### EXERCISE DESCRIPTION
What is needed is an exact copy of the records below, with the pictures left out.

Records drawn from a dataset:
___

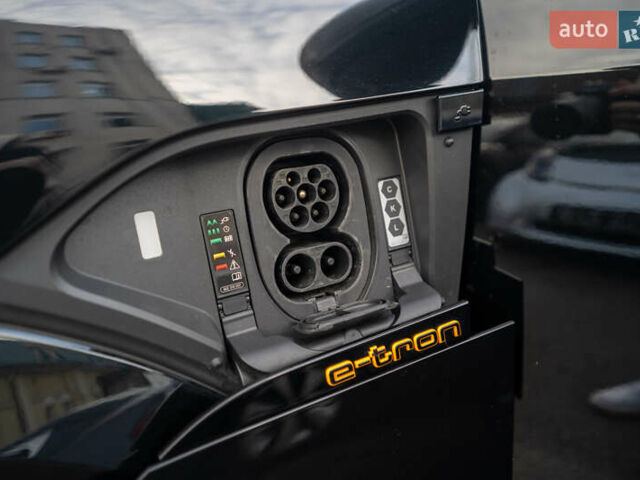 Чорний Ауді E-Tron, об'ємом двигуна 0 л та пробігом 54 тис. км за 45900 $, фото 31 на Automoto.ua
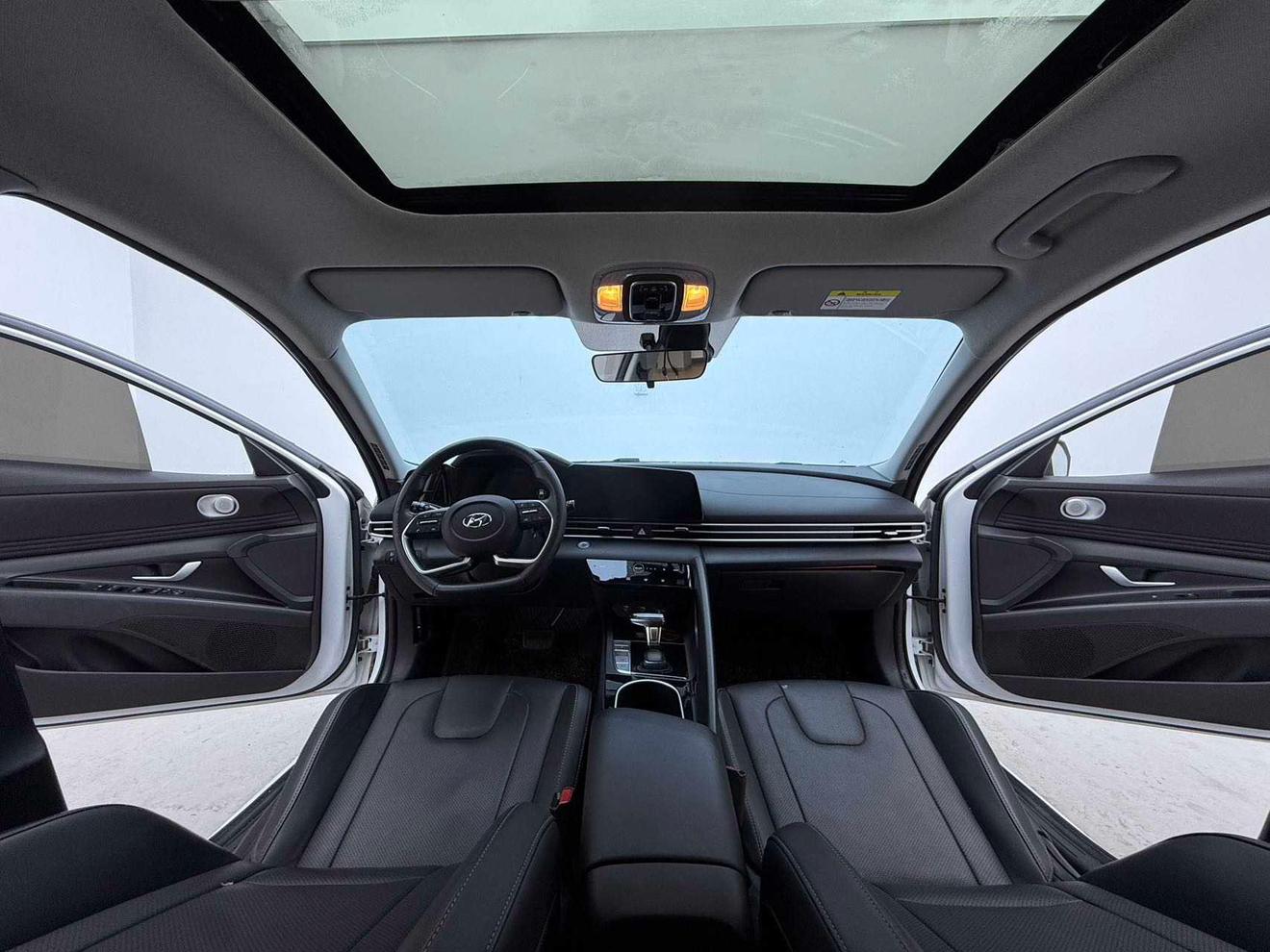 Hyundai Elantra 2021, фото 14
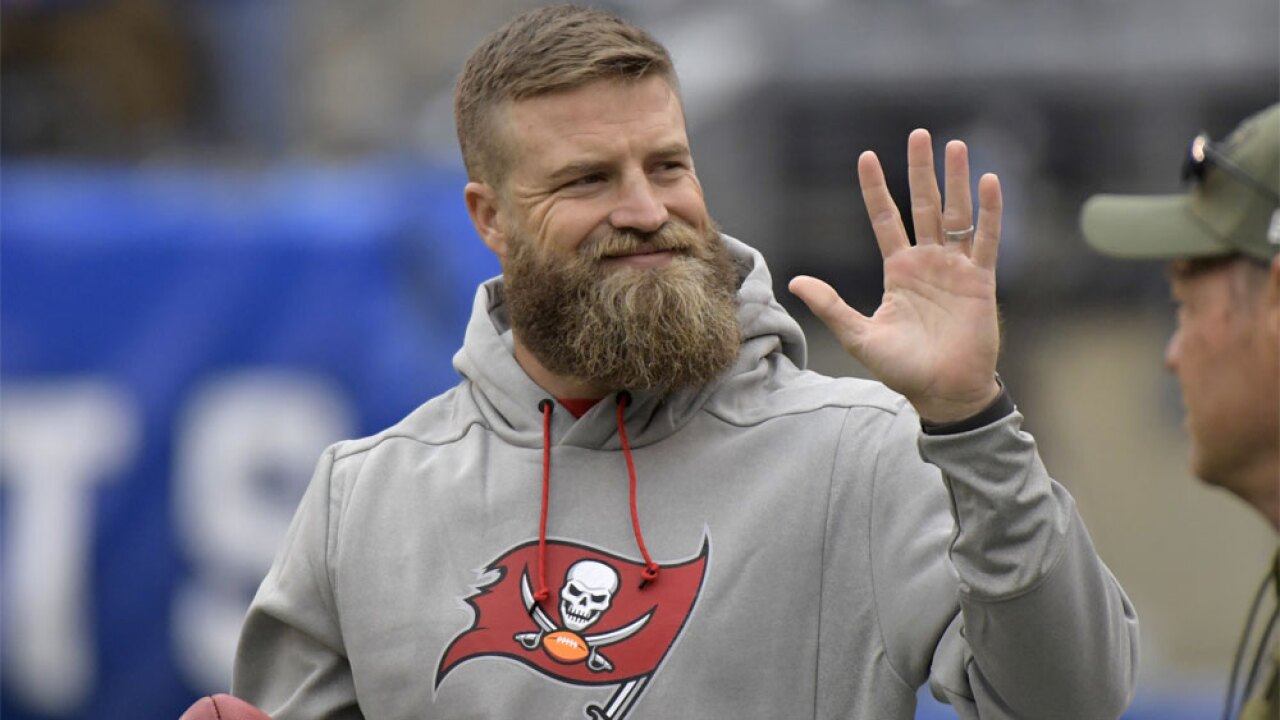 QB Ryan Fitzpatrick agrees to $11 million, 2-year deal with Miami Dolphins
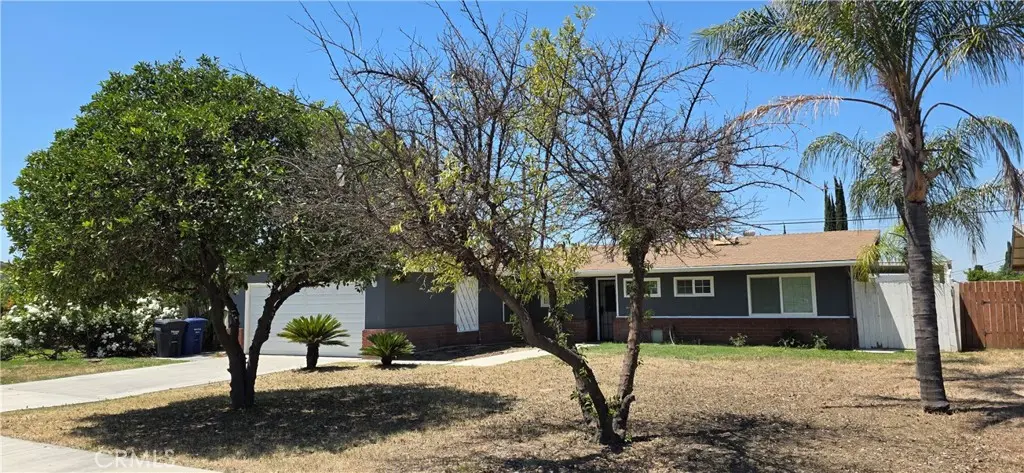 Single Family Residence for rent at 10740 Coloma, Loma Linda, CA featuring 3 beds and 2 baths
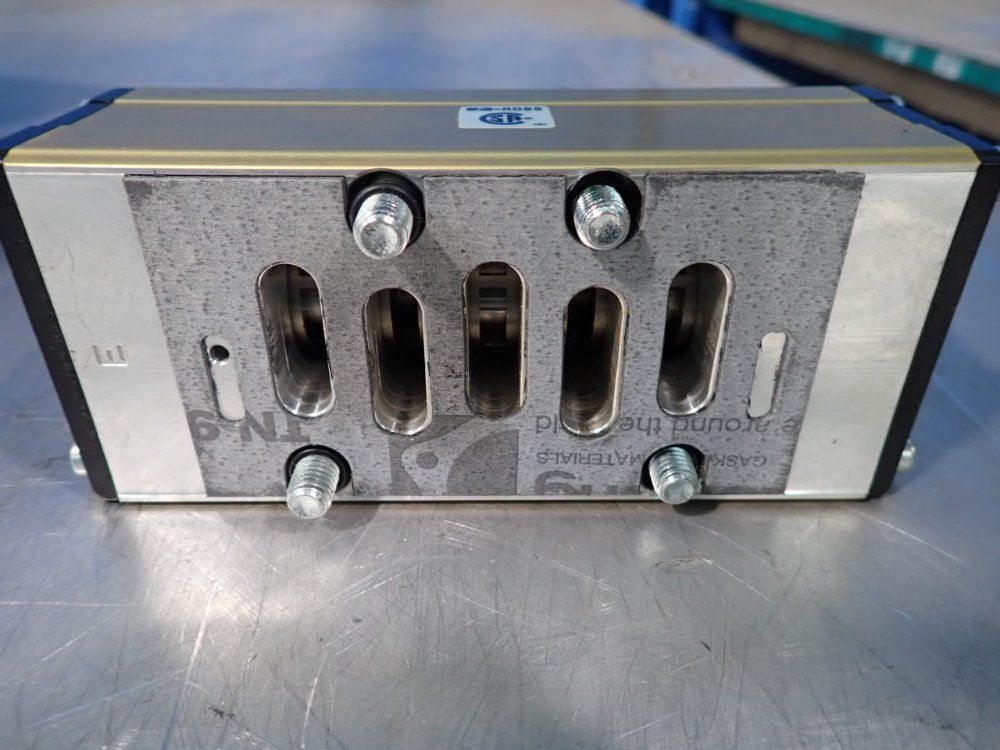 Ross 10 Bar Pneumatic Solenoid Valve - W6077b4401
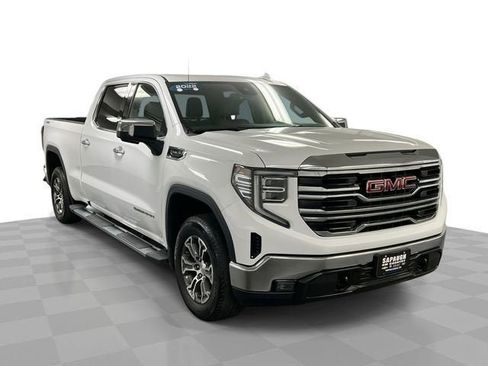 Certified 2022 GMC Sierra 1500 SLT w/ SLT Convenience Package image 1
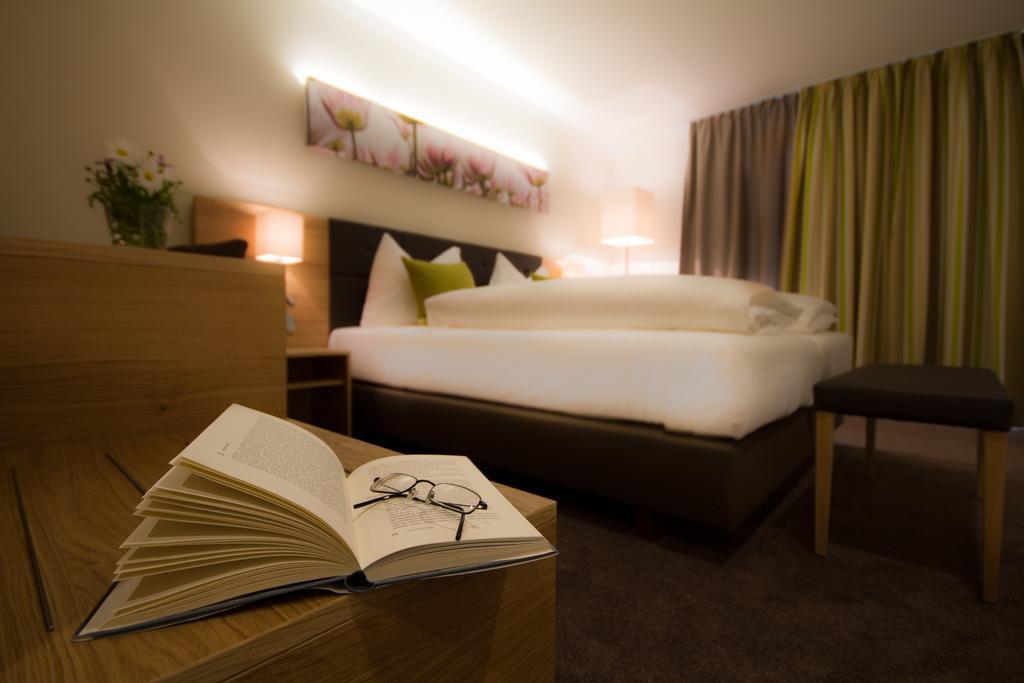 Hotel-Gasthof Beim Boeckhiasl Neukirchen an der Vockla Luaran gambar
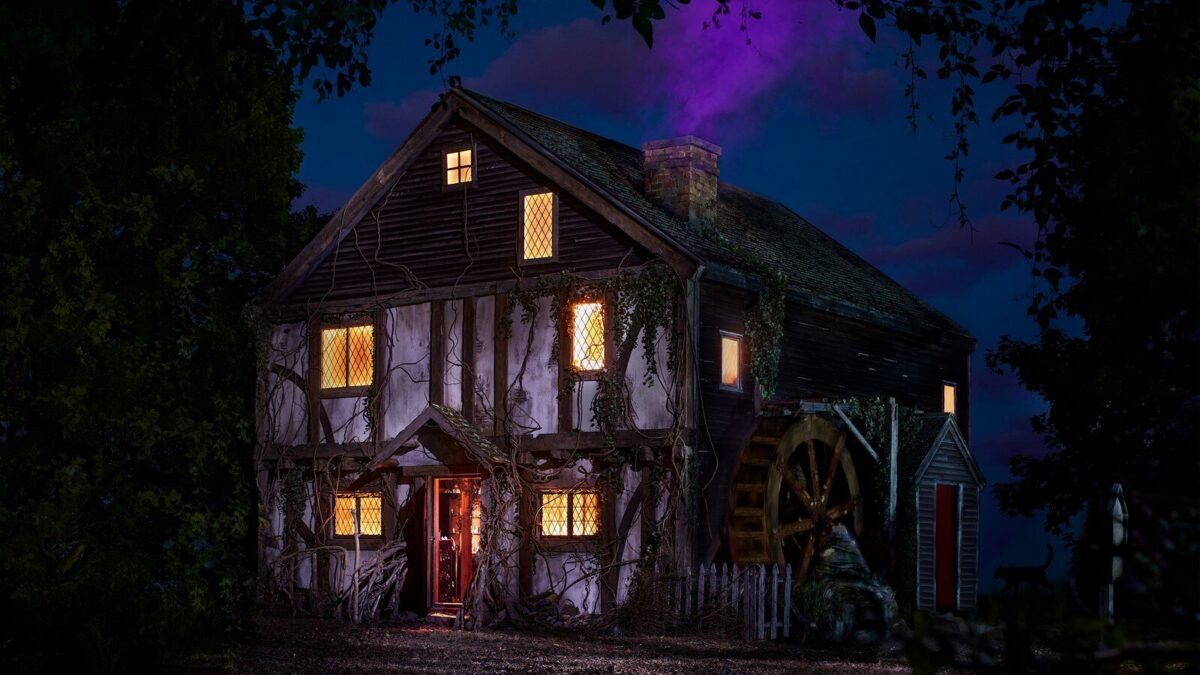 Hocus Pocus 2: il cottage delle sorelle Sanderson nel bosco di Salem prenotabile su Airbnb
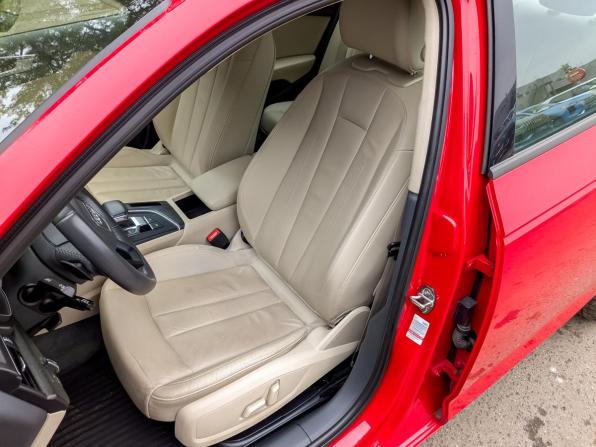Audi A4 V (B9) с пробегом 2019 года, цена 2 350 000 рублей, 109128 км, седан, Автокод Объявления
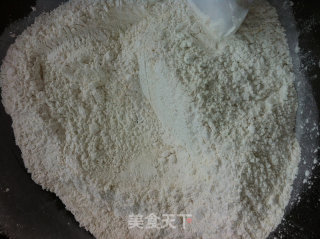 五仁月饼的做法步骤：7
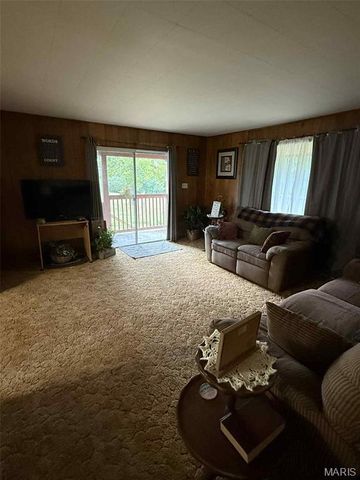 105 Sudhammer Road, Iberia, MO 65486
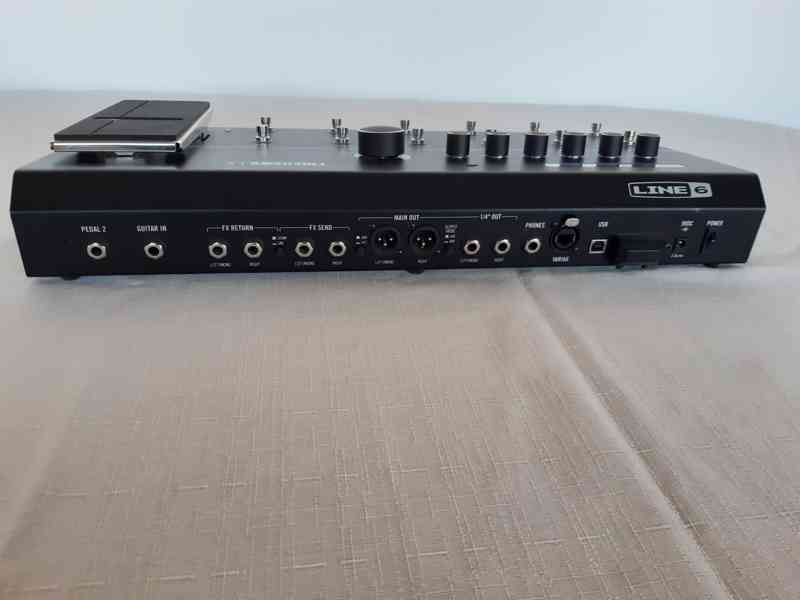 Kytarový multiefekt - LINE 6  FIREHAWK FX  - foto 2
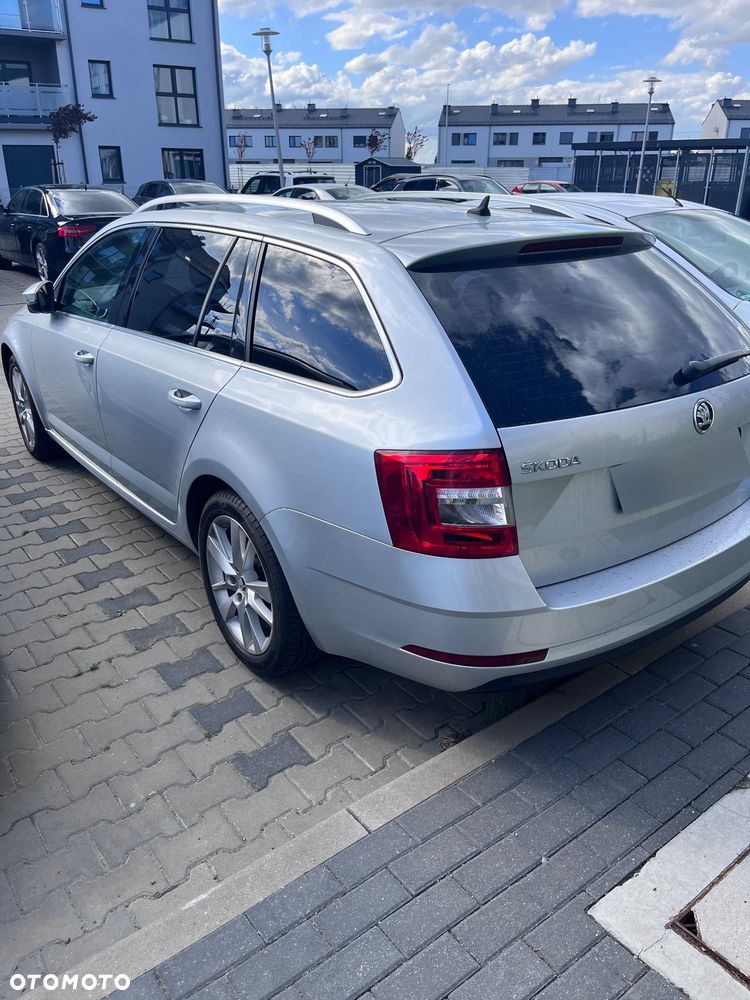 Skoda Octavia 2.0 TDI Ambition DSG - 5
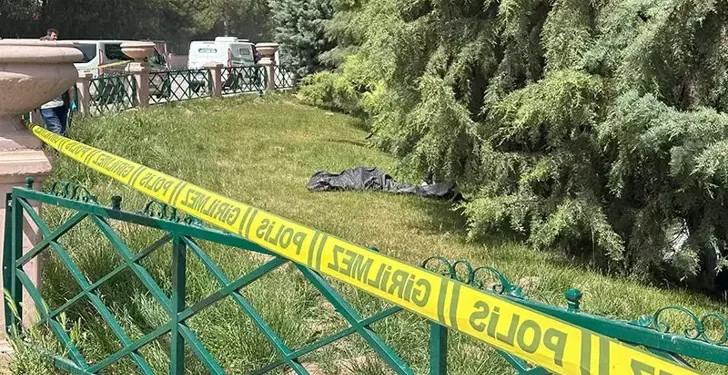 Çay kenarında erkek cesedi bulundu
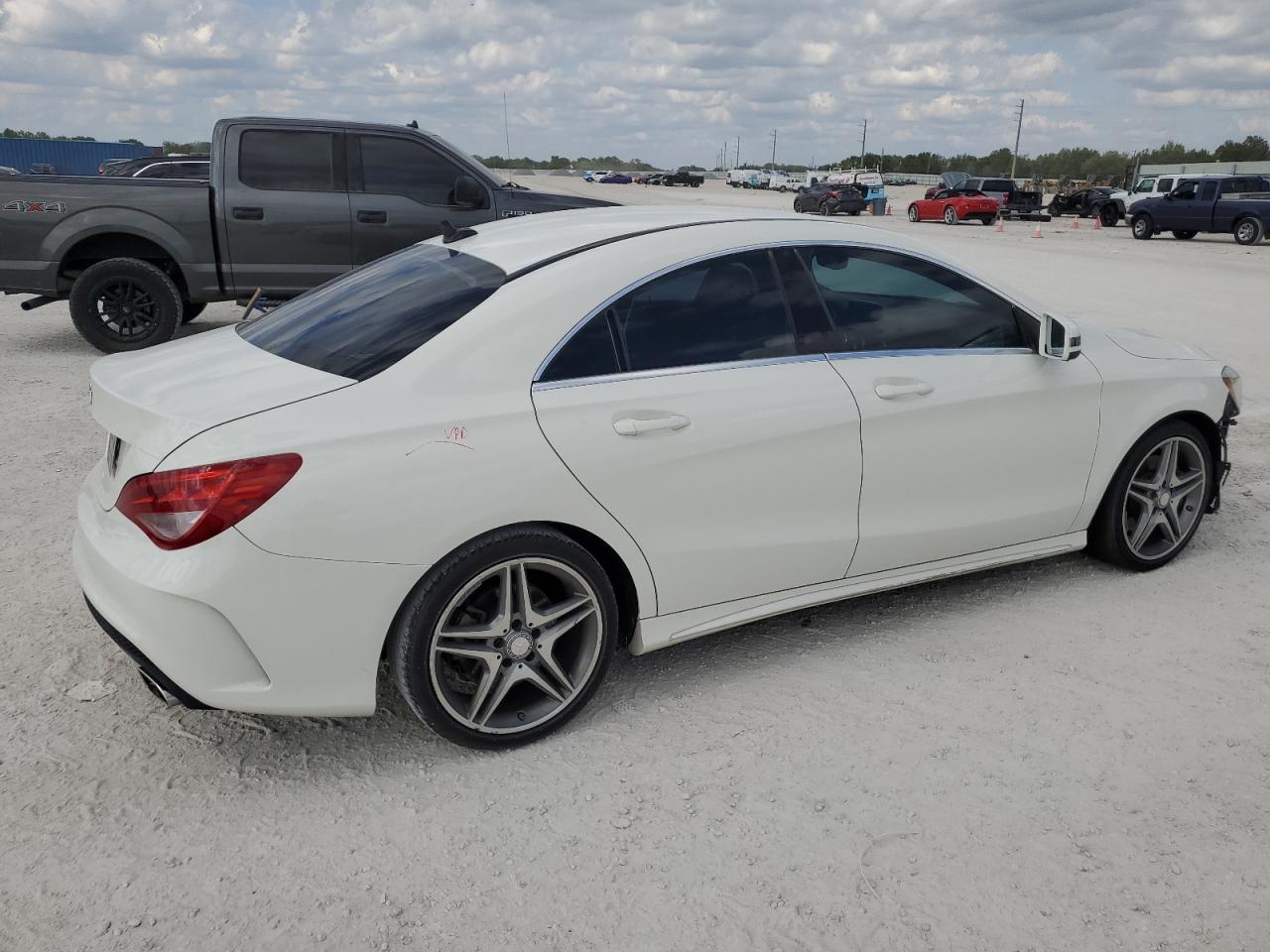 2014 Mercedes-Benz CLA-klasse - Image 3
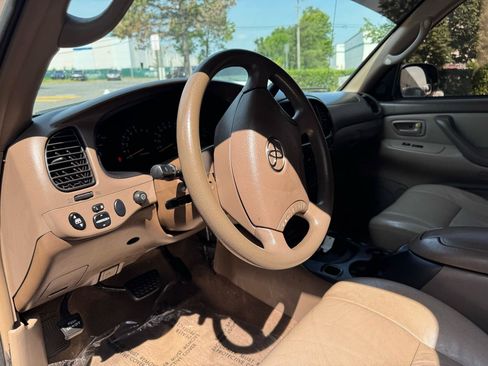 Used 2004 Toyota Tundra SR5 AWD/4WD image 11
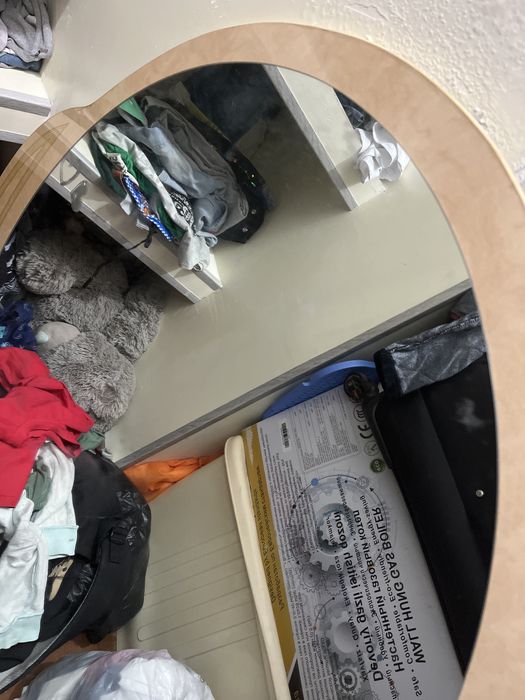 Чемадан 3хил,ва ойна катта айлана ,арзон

___

### RESPONSE AREA
 Чорний Ауді E-Tron, об'ємом двигуна 0 л та пробігом 54 тис. км за 45900 $, фото 31 на Automoto.ua
 Hyundai Elantra 2021, фото 14
 QB Ryan Fitzpatrick agrees to $11 million, 2-year deal with Miami Dolphins
 Single Family Residence for rent at 10740 Coloma, Loma Linda, CA featuring 3 beds and 2 baths
 Ross 10 Bar Pneumatic Solenoid Valve - W6077b4401
 Certified 2022 GMC Sierra 1500 SLT w/ SLT Convenience Package image 1
 Hotel-Gasthof Beim Boeckhiasl Neukirchen an der Vockla Luaran gambar
 Hocus Pocus 2: il cottage delle sorelle Sanderson nel bosco di Salem prenotabile su Airbnb
Audi A4 V (B9) с пробегом 2019 года, цена 2 350 000 рублей, 109128 км, седан, Автокод Объявления
 五仁月饼的做法步骤：7
 105 Sudhammer Road, Iberia, MO 65486
 Kytarový multiefekt - LINE 6  FIREHAWK FX  - foto 2
 Skoda Octavia 2.0 TDI Ambition DSG - 5
 Çay kenarında erkek cesedi bulundu
 2014 Mercedes-Benz CLA-klasse - Image 3
 Used 2004 Toyota Tundra SR5 AWD/4WD image 11
 Чемадан 3хил,ва ойна катта айлана ,арзон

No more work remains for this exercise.